25 Kasım 2024
  • İstanbul4°C
  • Diyarbakır4°C
  • Ankara-2°C
  • İzmir5°C
  • Berlin12°C

'LİCE'DE SİVİL HALKIN CAN GÜVENLİĞİ TEHDİT ALTINDA!'

Lice'de süren operasyonlar dolayısıyla çevre köylerde yangın sürüyor.

'Lice'de sivil halkın can güvenliği tehdit altında!'

26 Haziran 2016 Pazar 17:42

Fatih Polat *
Lice yolundayız. Celal Başlangıç, Ayşe Yıldırım, Mahmut Oral ve ÖGC Eş Başkanı Hakkı Boltan ile birlikte.

Lice’nin son günlerde bir operasyon bölgesi olarak merkeze oturması ve ilçeden gelen endişe verici haberler nedeniyle, tutuklu gazeteciler için ‘Tanıklık Günleri’ kapsamında geldiğimiz Diyarbakır merkezden Lice’ye geçmeyi kararlaştırdık.

Lice’ye bundan önce en son 24 Ağustos 2015 günü yine bir gazeteci grubu olarak gitmiştik. O grupta olan Celal Başlangıç ve Ayşe Yıldırım ile bu Lice yolculuğunda da beraberiz.

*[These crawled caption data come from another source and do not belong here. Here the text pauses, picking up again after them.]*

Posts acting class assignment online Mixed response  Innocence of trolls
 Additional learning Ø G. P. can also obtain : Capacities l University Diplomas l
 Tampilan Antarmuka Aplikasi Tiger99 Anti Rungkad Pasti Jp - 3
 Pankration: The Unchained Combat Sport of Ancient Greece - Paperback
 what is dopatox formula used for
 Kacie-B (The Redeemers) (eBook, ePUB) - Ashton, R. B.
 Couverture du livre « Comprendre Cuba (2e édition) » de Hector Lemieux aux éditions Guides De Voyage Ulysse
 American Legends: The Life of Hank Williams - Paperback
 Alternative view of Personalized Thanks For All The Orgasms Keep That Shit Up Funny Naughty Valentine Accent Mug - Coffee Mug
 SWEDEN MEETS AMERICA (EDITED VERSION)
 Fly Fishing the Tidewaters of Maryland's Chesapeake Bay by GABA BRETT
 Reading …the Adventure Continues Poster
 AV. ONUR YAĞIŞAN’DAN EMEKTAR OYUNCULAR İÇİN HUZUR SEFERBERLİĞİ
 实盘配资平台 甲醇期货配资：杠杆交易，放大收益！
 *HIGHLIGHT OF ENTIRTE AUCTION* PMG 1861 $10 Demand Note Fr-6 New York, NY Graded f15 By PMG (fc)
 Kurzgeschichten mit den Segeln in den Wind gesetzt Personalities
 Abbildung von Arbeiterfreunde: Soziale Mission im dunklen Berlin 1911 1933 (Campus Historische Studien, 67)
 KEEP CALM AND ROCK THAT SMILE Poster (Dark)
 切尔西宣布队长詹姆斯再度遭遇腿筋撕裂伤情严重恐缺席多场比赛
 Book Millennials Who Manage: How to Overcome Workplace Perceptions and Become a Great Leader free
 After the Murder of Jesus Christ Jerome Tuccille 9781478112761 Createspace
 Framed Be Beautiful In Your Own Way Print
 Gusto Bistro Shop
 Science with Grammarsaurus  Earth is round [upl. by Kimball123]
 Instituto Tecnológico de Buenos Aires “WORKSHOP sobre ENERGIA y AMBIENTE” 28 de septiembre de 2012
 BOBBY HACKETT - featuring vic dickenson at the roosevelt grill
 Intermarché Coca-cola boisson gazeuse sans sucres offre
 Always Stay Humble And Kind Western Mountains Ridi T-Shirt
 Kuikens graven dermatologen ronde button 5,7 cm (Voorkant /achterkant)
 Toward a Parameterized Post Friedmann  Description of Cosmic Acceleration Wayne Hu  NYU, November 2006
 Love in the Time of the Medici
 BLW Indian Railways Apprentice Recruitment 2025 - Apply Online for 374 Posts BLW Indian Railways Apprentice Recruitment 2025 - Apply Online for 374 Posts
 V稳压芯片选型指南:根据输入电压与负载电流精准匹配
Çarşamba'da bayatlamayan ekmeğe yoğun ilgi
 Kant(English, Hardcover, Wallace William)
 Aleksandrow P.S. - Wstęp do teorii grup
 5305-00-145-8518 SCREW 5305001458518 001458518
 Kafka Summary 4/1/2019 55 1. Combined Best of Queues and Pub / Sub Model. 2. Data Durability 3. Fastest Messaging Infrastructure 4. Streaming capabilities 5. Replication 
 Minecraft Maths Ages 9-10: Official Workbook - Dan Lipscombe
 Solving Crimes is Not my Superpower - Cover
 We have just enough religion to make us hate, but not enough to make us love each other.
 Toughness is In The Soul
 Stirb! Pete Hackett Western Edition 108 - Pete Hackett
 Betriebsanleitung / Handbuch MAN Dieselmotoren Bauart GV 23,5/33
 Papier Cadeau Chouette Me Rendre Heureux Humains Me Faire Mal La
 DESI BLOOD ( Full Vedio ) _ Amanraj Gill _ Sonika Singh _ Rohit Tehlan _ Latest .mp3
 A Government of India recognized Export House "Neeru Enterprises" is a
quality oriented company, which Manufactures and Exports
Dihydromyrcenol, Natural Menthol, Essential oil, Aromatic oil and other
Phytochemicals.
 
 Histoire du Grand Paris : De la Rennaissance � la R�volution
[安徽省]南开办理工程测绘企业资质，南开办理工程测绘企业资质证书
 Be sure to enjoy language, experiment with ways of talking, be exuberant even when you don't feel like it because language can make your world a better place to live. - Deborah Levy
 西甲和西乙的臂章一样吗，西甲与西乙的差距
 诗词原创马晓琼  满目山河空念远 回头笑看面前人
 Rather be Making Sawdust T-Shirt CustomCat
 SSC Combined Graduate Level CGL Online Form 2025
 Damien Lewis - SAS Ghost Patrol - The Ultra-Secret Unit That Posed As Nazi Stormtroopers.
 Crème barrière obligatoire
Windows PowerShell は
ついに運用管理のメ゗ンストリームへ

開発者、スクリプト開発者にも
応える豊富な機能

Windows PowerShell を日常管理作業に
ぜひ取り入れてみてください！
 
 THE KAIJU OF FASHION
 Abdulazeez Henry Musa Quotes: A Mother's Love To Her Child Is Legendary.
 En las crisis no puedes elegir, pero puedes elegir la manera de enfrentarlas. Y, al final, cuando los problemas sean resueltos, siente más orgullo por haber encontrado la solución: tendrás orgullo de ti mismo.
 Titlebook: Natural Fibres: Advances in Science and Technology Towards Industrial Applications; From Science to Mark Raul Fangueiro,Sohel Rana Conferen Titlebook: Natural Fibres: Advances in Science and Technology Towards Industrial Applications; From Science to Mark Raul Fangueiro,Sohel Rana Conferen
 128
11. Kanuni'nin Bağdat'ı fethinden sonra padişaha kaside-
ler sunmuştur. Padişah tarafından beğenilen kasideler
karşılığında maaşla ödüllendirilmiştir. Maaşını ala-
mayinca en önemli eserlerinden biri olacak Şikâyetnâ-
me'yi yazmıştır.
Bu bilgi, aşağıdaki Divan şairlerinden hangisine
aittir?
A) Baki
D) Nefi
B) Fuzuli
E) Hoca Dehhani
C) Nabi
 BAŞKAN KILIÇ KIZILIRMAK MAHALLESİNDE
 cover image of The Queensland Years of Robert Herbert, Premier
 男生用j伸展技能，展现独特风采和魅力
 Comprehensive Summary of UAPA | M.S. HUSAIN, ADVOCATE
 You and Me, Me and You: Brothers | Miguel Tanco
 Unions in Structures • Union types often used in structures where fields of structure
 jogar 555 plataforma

Okuyanlar hatırlayacaktır. İktidar ve istihbarat servisleri içinden aldığı stratejik duyumları köşesine taşıyan Abdülkadir Selvi, Hürriyet’te 14 Haziran 2016 tarihli köşesinde ‘PKK’nın yeni Lice yapılanması’ başlığıyla yayınlanan yazısında Lice’yi, ülkenin çeşitli yerlerinde patlatılan bomba yüklü araçların hazırlandığı merkez olarak adlandırmıştı.

Lice’nin tarihine kısa bir bakış

Güncel gelişmeleri tarihsel bir bağlam içinde okumak bakımından özet bir hatırlatma yapmak anlamlı olabilir.

Şeyh Said İsyanı kapsamında Dicle ele geçirildikten hemen sonra halk ayaklanıp Lice’yi de ele geçirir ve ertesi günün sabahı Şeyh Said Lice’ye girer. O günden sonra isyanın merkezine dönüşen ve Diyarbakır’ın ele geçirilmesi için kilit önem taşıyan Lice’nin halkının tümü isyana katılır. Diyarbakır kuşatması başarılı olamayınca isyan kuvvetleri dağılmaya başlar ve 1 Nisan 1925’te Lice’deki isyan da kanlı bir biçimde bastırılır. Lice için isyandan geriye kalan ise ölen 6.419 kişi, yakılan 30 köy ve 1.284 evdir.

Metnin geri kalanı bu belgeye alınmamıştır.